▶ _WHAT THE TASK REQUIRES_:
Could you reproduce, from the records below, everything from the line with "Green Taniko Pattern" down to the line with "Sterling Silver RH-plated", keeping both of those lines and changing nothing?

RECORDS TO USE START

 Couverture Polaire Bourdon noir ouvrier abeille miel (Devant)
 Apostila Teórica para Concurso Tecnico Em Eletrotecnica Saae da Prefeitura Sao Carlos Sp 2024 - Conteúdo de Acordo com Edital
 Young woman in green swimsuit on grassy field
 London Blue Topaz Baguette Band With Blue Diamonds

RECORDS TO USE END
RECORDS TO USE START

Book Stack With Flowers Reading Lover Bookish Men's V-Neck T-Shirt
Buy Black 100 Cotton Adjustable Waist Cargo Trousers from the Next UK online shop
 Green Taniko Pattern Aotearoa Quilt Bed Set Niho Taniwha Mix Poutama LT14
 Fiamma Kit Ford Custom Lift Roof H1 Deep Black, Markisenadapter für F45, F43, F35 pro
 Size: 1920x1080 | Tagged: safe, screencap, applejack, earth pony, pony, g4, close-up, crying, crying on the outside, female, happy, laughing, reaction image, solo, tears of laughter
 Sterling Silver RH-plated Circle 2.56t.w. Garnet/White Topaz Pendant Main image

RECORDS TO USE END
RECORDS TO USE START

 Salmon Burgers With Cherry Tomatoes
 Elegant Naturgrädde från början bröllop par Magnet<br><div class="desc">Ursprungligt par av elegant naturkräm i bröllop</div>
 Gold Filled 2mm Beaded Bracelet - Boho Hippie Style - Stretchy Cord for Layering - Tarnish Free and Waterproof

RECORDS TO USE END

▶ _TASK SOLUTION_:
 Green Taniko Pattern Aotearoa Quilt Bed Set Niho Taniwha Mix Poutama LT14
 Fiamma Kit Ford Custom Lift Roof H1 Deep Black, Markisenadapter für F45, F43, F35 pro
 Size: 1920x1080 | Tagged: safe, screencap, applejack, earth pony, pony, g4, close-up, crying, crying on the outside, female, happy, laughing, reaction image, solo, tears of laughter
 Sterling Silver RH-plated Circle 2.56t.w. Garnet/White Topaz Pendant Main image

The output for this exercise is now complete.